Re: [akka-user] High Quaratine Frequency of akka-remote

Endre Varga Tue, 05 May 2015 23:35:22 -0700

Hi Zuchen,

On Tue, May 5, 2015 at 10:30 PM, Zhuchen Wang <zcx.w...@gmail.com> wrote:


> Here is the log.
> 2015-05-05 09:51:15,029 WARN
> [channelservice-akka.actor.default-dispatcher-4] Association with remote
> system [akka.tcp://system@host2] has failed, address is now gated for
> [3000] ms. Reason: [Disassociated]
>
> 2015-05-05 09:51:17,697 WARN
> [channelservice-akka.actor.default-dispatcher-54] Detected unreachable:
> [akka.tcp://system@host2]
>

The above line means that remote deathwatch detected the remote system to
be unreachable. This means that heartbeats were missing for too long time.


> 2015-05-05 09:51:17,699 WARN
> [channelservice-akka.actor.default-dispatcher-56] Association to
> [akka.tcp://system@host2] having UID [-648515237] is irrecoverably
> failed. UID is now quarantined and all messages to this UID will be
> delivered to dead letters.
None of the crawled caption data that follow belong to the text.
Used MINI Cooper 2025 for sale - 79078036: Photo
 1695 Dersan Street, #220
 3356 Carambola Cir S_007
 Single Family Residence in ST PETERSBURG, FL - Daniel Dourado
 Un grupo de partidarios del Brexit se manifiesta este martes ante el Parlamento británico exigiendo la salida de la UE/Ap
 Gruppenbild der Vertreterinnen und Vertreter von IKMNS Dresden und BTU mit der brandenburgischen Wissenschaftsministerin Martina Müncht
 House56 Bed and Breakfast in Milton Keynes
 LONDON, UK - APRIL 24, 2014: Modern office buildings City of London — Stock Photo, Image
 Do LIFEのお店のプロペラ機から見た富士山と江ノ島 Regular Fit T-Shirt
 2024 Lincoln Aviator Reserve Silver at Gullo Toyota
Remote actorsystem must be restarted to recover
> from this situation.
>
> 2015-05-05 09:51:17,731 WARN
> [channelservice-akka.actor.default-dispatcher-3] AssociationError
> [akka.tcp://system@host1] -> [akka.tcp://system@host2]: Error [Invalid
> address: akka.tcp://system@host2] [
> akka.remote.InvalidAssociation: Invalid address: akka.tcp://system@host2
> Caused by: akka.remote.transport.Transport$InvalidAssociationException:
> The remote system has a UID that has been quarantined. Association aborted.
> ]
>
> The Gated event usually happens first.
>
> There is no backpressuring right now. Doesn't heartbeats have higher
> priority than the normal remote messages?
>

To some extent yes, but every message shares the same TCP connection. Do
you send very large messages remotely? Have you tried increasing the
dispatcher threadpool for remoting?


>
> We did see ResendBufferCapacityReachedExceptionreached exception before
> and we increased the buffer size then. Does this means the receiver is
> overwhelmed?
>

This means that there are a lot of system messages, and the default buffer
size of 1000 was not enough to contain all of the unacknowledged system
messages. Your log indicates that this is no longer the problem, as the
Quarantining happens because of missing heartbeats.


>
> GC should not be a problem in this case. We have been monitoring the GC
> overhead.
>
> I am almost about to remove the remote watch code to rule out the
> Quarantine event entirely.
>

While you can remove the watch, it will not fix the underlying issue. The
log snippet you pasted is too short, it does not contain all of the
information. Can you turn on debug logging and gather a longer log?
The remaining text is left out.